Nance turned to Sorio. “So she’s been telling you that she was thinking of drowning herself? I thought it was something of that kind! And I suppose you believed her. I suppose you always believe her!”

“And he always believes you!” Philippa cried. “Yes, he’s always deceived—the easy fool—by your womanly sensitive ways and your touching refinement! It’s women like you, without intelligence and without imagination, who are the ruin of men of genius. A lot you care for his work! A lot you understand of his thoughts! Oh, yes, you may get him, and cuddle him, and spoil him, but, when it comes to the point, what you are to him is a mere domestic drudge! And not only a drudge, you’re a drag, a burden, a dead-weight! A mere mass of ‘decent-feeling’ womanliness—weighing him down. He’ll never be able to write another line when once you’ve really got hold of him!”

Nance had her answer to this. “I’d sooner he never did write another line,” she cried, “and remain in his sober senses, than be left to your influence, and be driven mad by you—you and your diseased, morbid, wicked imagination!”

Their two voices, rising and falling in a lamentable litany of elemental antagonism—antagonism cruel as life and deeper than death—floated about Sorio’s head, in that perfumed darkness, like opposing streams of poison. It was only that he himself, harassed by long irritating debates with Baltazar, was too troubled, too obsessed by a thousand agitating doubts, to have the energy or the spirit to bring the thing to an end, or he could not have endured it up to this point. With his nerves shaken by Baltazar’s corrosive arts, and the weight of those rain-heavy trees and thick darkness all around him, he felt as if he were in some kind of trance, and were withheld by a paralysing interdict from lifting a finger. There came to him a sort of half-savage, half-humorous remembrance of a conversation he had once had with some one or other—his mind was too confused to recall the occasion—in which he had upheld the idealistic theory of the arrival of a day when sex jealousy would disappear from the earth.

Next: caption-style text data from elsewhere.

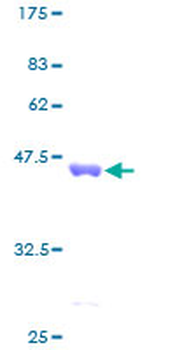 CCL13 (Human) Recombinant Protein (P01)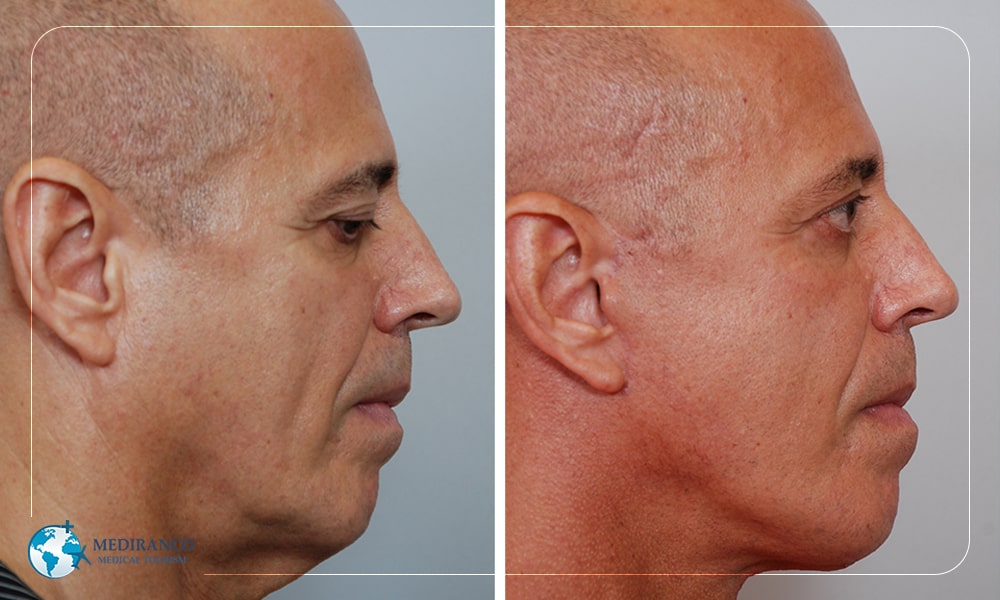 Facelift Myths Debunked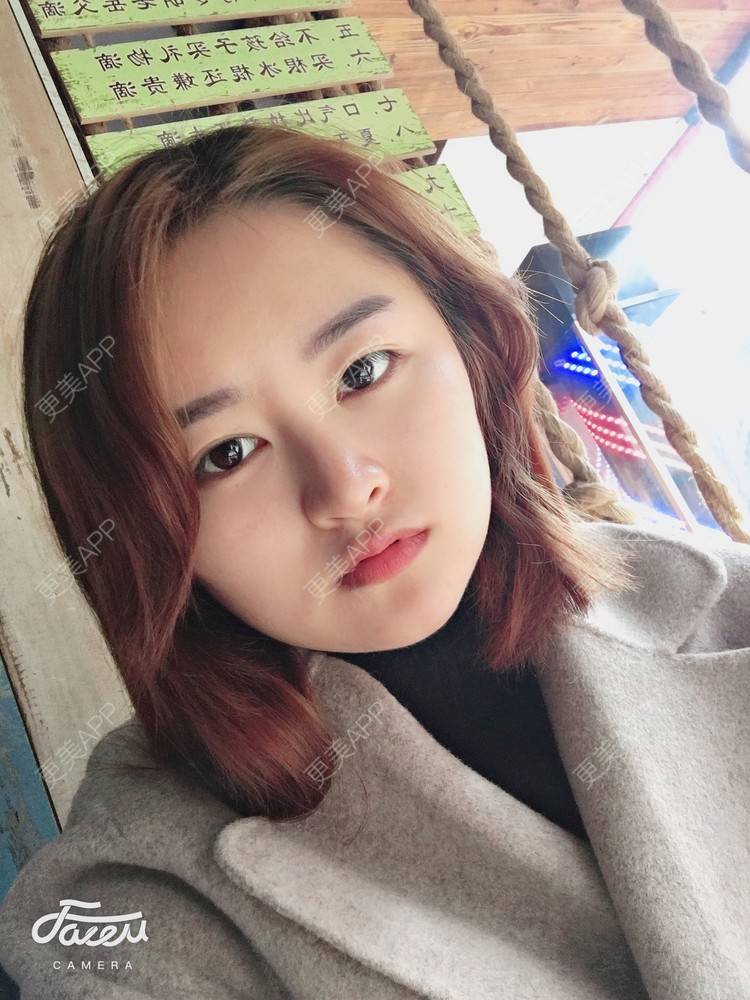 更美 - 浑身上下的肋软骨隆鼻经验 | 更美研究所 | 杭州 | 肋软骨隆鼻 | 隆鼻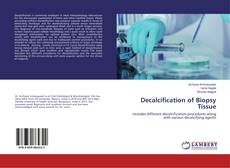 Borítókép a  Decalcification of Biopsy Tissue - hoz
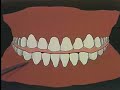 Construction of an Occlusal Bite Splint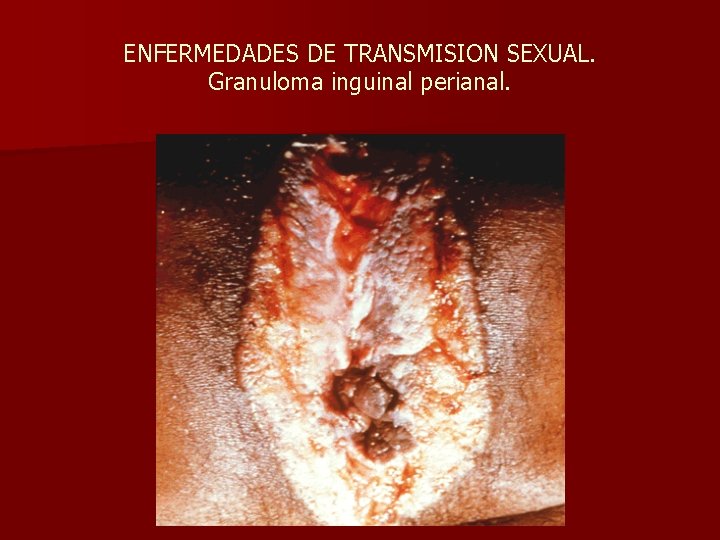 ENFERMEDADES DE TRANSMISION SEXUAL. Granuloma inguinal perianal.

But as the girls continued to outrage each other’s most secret feelings, each unconsciously quickening her pace as she poured forth her taunts, and both dragging Sorio forward with them, the feeling grew upon him that he was watching some deep cosmic struggle, that was, in its way, as inhuman and elemental as a conflict between wind and water. With this idea lodged in his brain, he began to derive a certain wild and fantastic pleasure from the way they lacerated one another. There was no coxcombry in this. He was far too wrought-upon and shaken in his mind. But there was a certain grim exultant enjoyment, as if he were, at that moment, permitted a passing glimpse into some dark forbidden “cellarage” of Nature, where the primordial elements clash together in eternal conflict.

Inspired by this strange mood, he returned the pressure of Philippa’s fingers, and entwined his arm round the trembling form of his betrothed, drawing both the girls closer towards him, and, in consequence, closer towards one another.

They continued their merciless encounter, almost unconscious, it seemed, of the presence of the man who was the cause of it, and without strength left to resist the force with which he was gradually drawing them together.

Suddenly the wind, which had dropped a little during the previous hour, rose again in a violent and furious gust. It tore at the dark branches above their heads and went moaning and wailing through the thickets on either side of them. Drops of rain, held in suspension by the thicker leaves, splashed suddenly upon their faces, and from the far distance, with a long-drawn ominous muttering, that seemed to come from some unknown region of flight and disaster, the sound of thunder came to their ears.

Sorio dropped Philippa’s hand and embracing her tightly, drew her, too, closely towards him. Thus interlocked by the man’s arms, all three of them staggered forward together, lashed by the wind and surrounded by vague wood-noises that rose and fell mysteriously in the impenetrable darkness.

The powers of the earth seemed let loose, and strange magnetic currents in fierce antipodal conflict, surged about them, and tugged and pulled at their hearts. The sound of the thunder, the wild noises of the night, the strange dark evocations of elemental hatred which at once divided and united his companions, surged through Sorio’s brain and filled him with a sort of intoxication.